Bricu started to pull of his left gauntlet. Studying the ring, he continued talking to Sekten. “If Tarq was here, yeh’d have been convinced t’hand it o’er. Lore would’ve stolen the damn thing. Tirith would’ve snuck in, stolen the ring, an’ then slit yer throat. Illi’d have wrecked the entire damn place. Kost woud’ve co-opted the ritual. Annie’d ha’e just made yeh gi’e it ta her with a smile. The missus would’ve pieced the ritual t’gether… But yeh were lucky enough ta get me. Cle’er words, violent acts, figurin’ out what the fuss ‘bout the ritual was…”

He grasped the ring with his left hand. The hair on the back of his neck rose and his skin began to burn at the touch of the ruby shard. His vision tunneled and a voice filled his head.

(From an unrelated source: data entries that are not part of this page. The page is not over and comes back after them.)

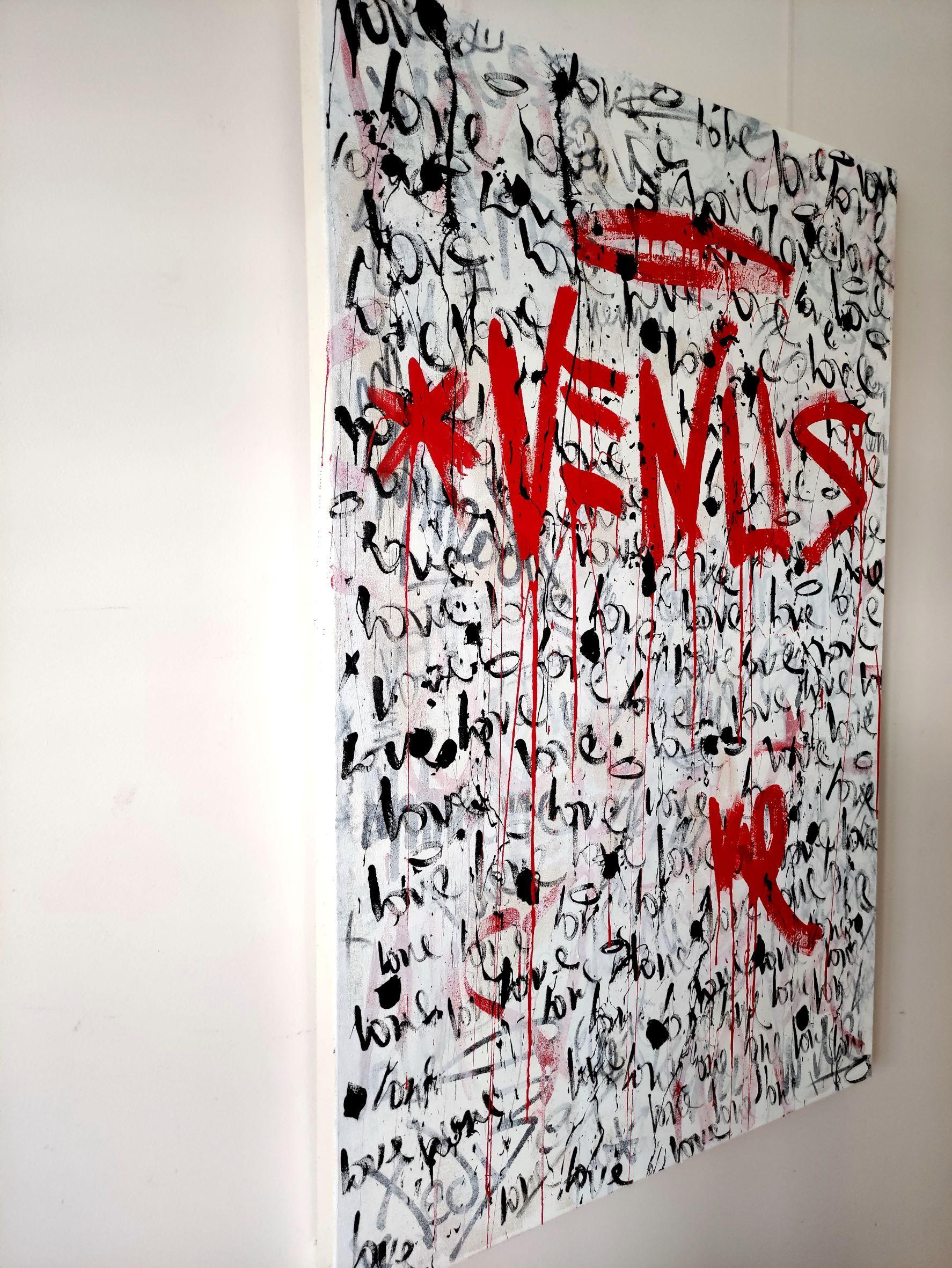 Líneas conflictivas _ Venus, Pintura, Acrílico sobre lienzo - Painting Abstracto de Tadas Zaicikas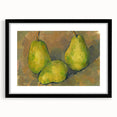 Impressionism Wall Art – Three Pears Inspired by French Masters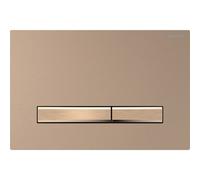 Plaque Geberit Sigma50 carrée DT or rouge or rouge - GEBERIT 115.670.QB.2
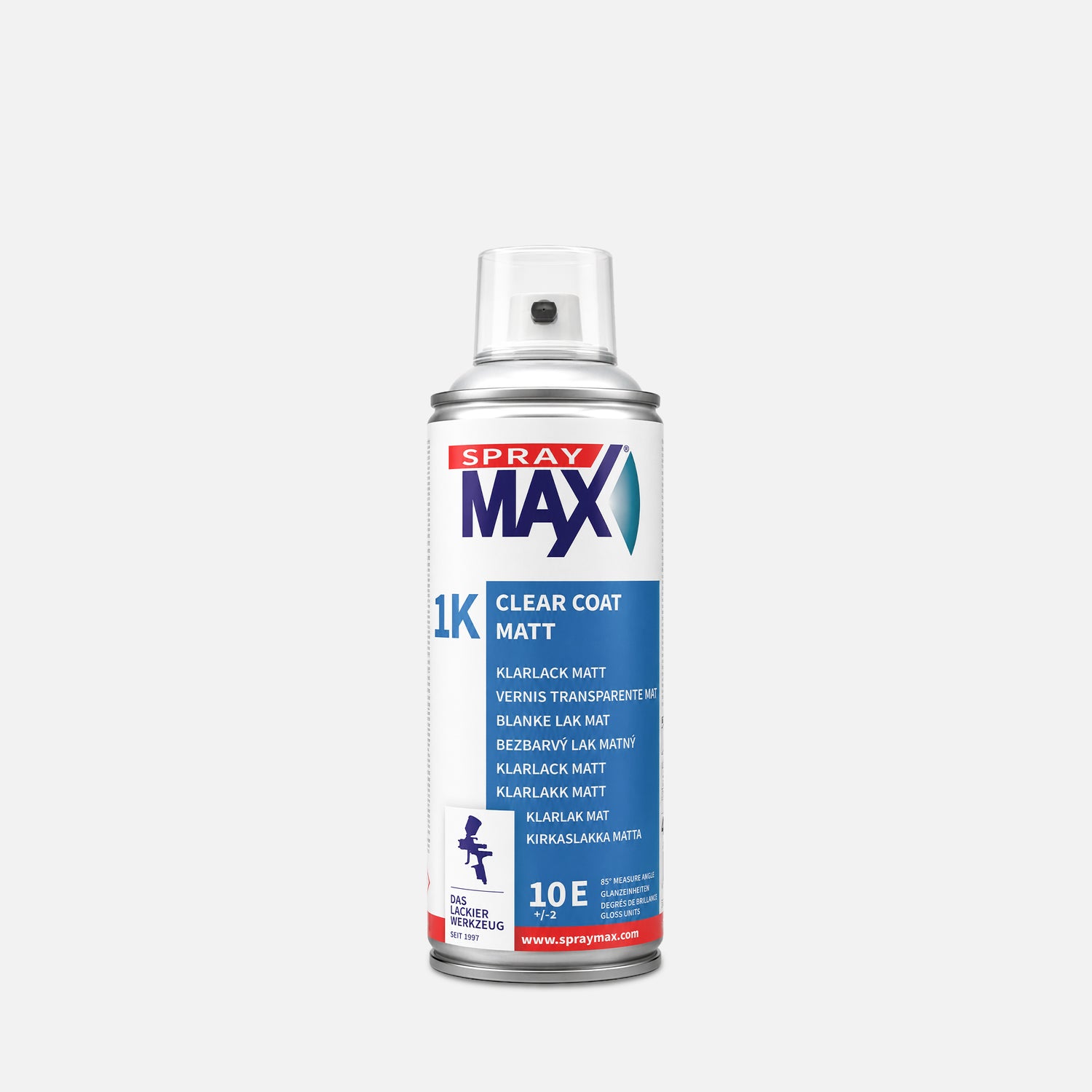 SprayMax 1K Clear Coat Matt Lacquer 10E - 400ml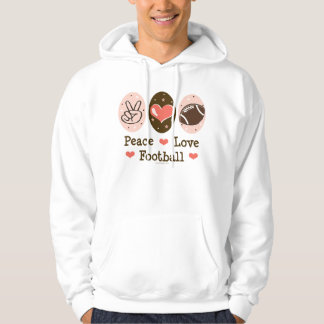 FriedensLiebe-Fußball-mit Kapuze Sweatshirt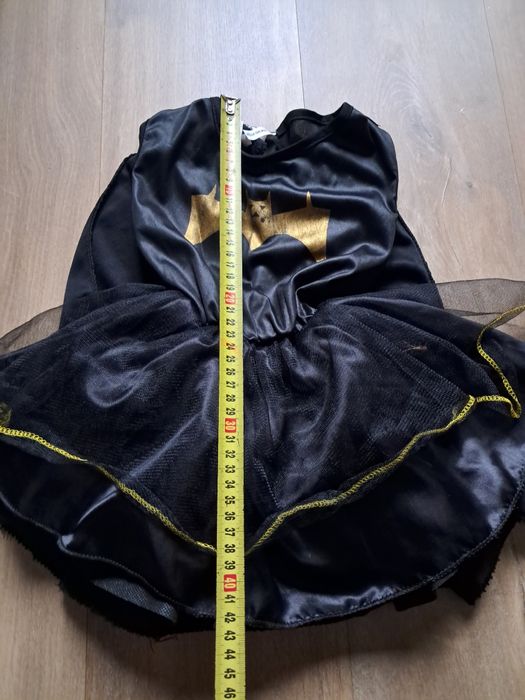 Batman batwoman batgirl sukienka + peleryna strój przebranie 98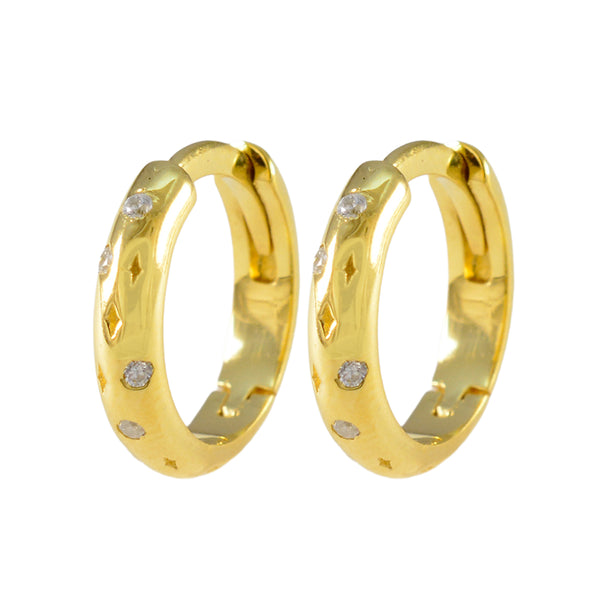 Cubic-Zirconia-American-Lourdes-multiple-Dangle-White-Sterling-Silver-Earring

“YOU ARE NOT HIM. NOW YOU MUST WEAVE INTO THEIR BOND. FINISH THE RITUAL. WEAVE INTO THEIR BOND.”

“What’d yeh need, squire.” Bricu said to the ring.

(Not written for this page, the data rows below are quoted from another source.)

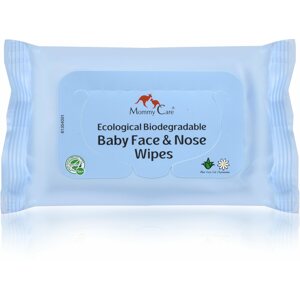 Popsitörlő MOMMY CARE baba törlőkendő arcra és orrra 24 db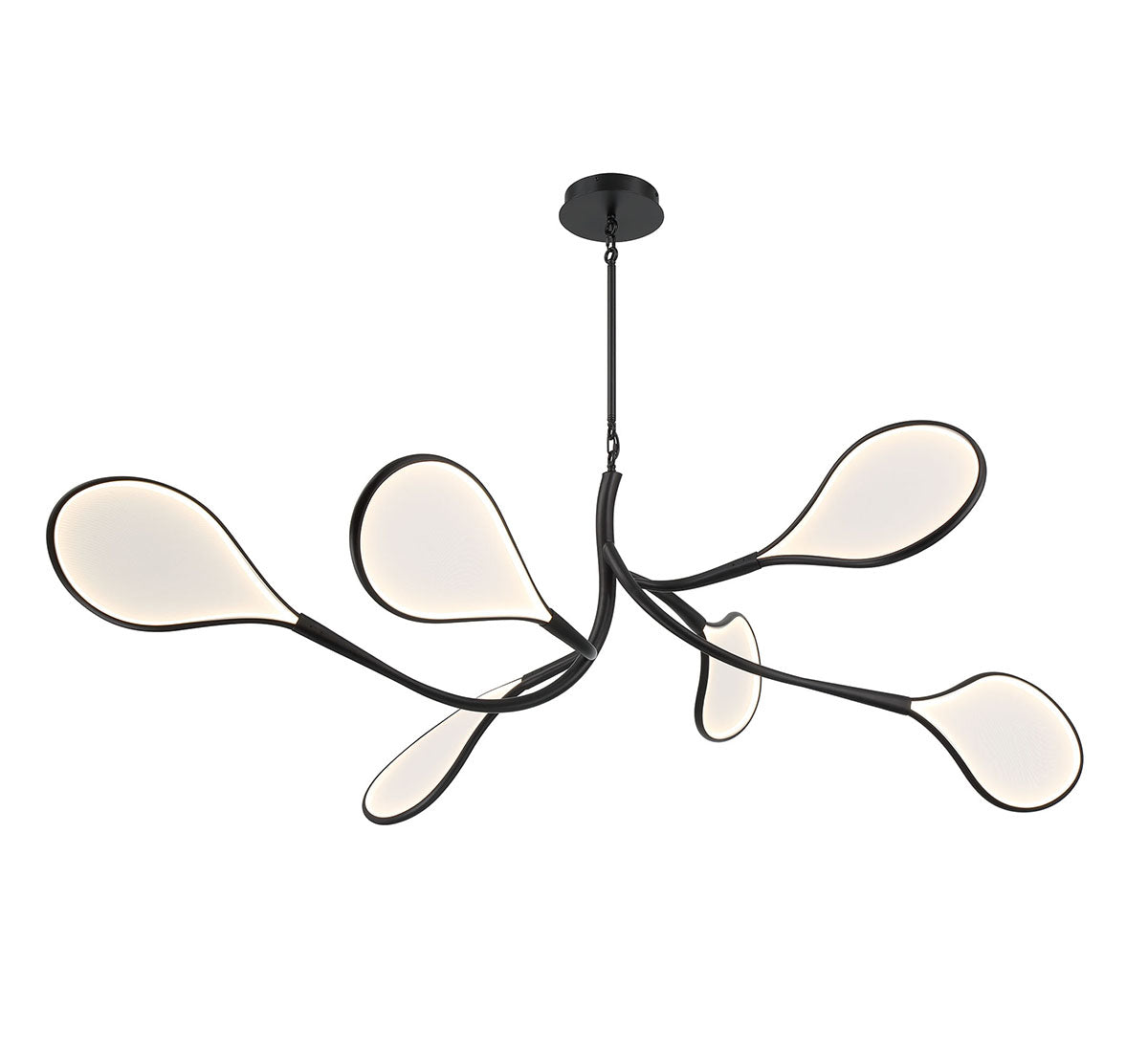 Volare 6 Light Oval LED Chandelier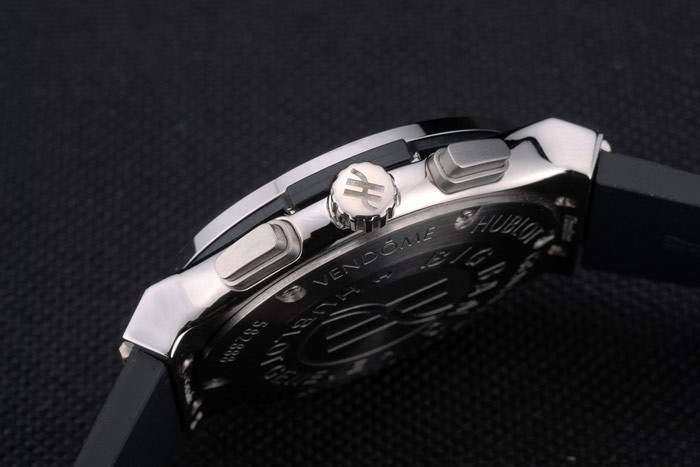 Hublot Big Bang Black Rubber Strap Blue Checkered Dial 80199-7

“CONTROL THE ESSENCE. LET IT FLOW THROUGH THE RING TO ME.”

While the ring still burned, a new sensation came over him. He could smell the sharp tang of bourbon–he could nearly taste the smoky, semi sweet liquor. All he needed to do was place the ring on the altar and complete the circle.

Bricu dropped the ring and spit on it, clearing his mouth of any trace of the liquor.

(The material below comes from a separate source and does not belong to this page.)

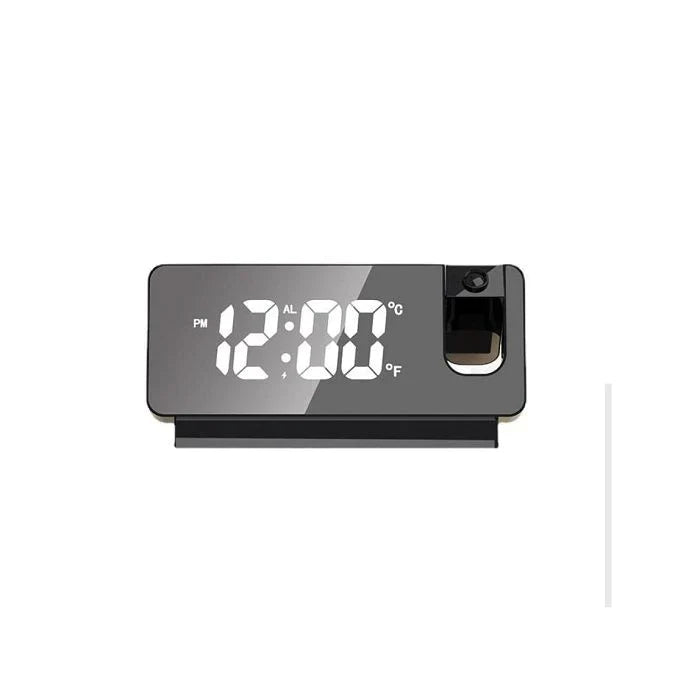 🪄Premium 180° Projection Alarm Clock with HD Mirror Display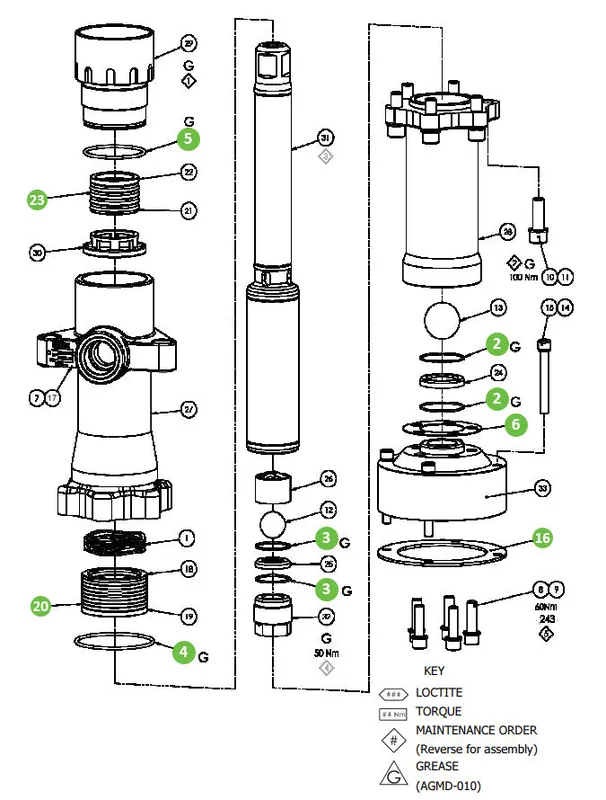 Binks 250733 Repair Kit for FX440PU-XXB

“O’er played the hand, yeh fuckin’ bastard.” He stomped on the ring as he put his gauntlet back on. A spark from the ground confirmed his suspicion: The setting constrained the ruby’s power. Now that the gold was bent and broken, the shined with its own power.

He bent to pick up what was left of his handiwork: Kro’thar’s prison, a ruby he had cut for the Professor years ago.
“Yeh poor sod,” Bricu said, looking at Sekten’s still bleeding corpse. Shard in hand, Bricu looked over the Altar. He saw where the ring should have gone–There was a hole in the altar. Putting the ring there would have completed a series of runes. He had no idea what they said, but staring at them made his skin crawl. He was sure that when he looked at one set, the others started to dance on the stone.

Weave the bond. Kro’thar’s command was not clear–why did he need the essence? The bonds that held Arrens? Bricu shook his head. If Kro’thar had the professor, then he had to have a source to power his own bonds; otherwise, the professor would wiggle his way free. What other bond…

“Oh fuck, Aely. Q. “‘Arrens, yeh fuckin’ ijiot…” He said. The soul-bond. The ritual that kept Arrens and Aely connected so neither of them would be pulled into the Nether. Bricu thought. That’s the damn bond he wants ta weave the Nether? If Kro’thar puts the nether itself inta the bond, he can, what? Control ‘im both? Ride it like the bloody Tram? Pull Aely t’him? Track her? Worse?

But could the bond be used to find Arrens?

He knew what he had to do. Bricu looked at the shard and the altar. He set the shard in the altar. Without the setting to control the power, the altar began to glow with magical energy. The altar began to whisper, “No no no. Too much too soon! No no no!” But Bricu wasn’t finished. He made a blessing and said a quick prayer to the light–The Prayer of the Condemned. A shaft of golden light formed engulfed the altar. Slowly, the light formed a blade that descended on the shard. The blade pierced the altar, causing it to scream–the sounds of an avalanche echoing through the entire mana-forge. When the hilt of the blade touched the shard, it the shard shattered and burst into flame.

Kro’thar, through the Altar, screamed, “The bond! NO!”

Bricu bowed his head and made another blessing. He prayed outloud, “Arrens, yeh fuckin’ dolt. Yeh may not forgive me, but yeh’ddan well better understand I’m keepin’ her safe from yer stupid ideas.”

The Light faded, but the fires were hot enough to make Bricu step away. He stayed until the fire burned itself out. Minutes passed before the altar collapsed upon itself, melting itself into slag. There was no sign of the runes or the rubies. The altar, like the soulbond, was ruined. Bricu looked around the forge one last time before walking outside to wait for Obaden to land.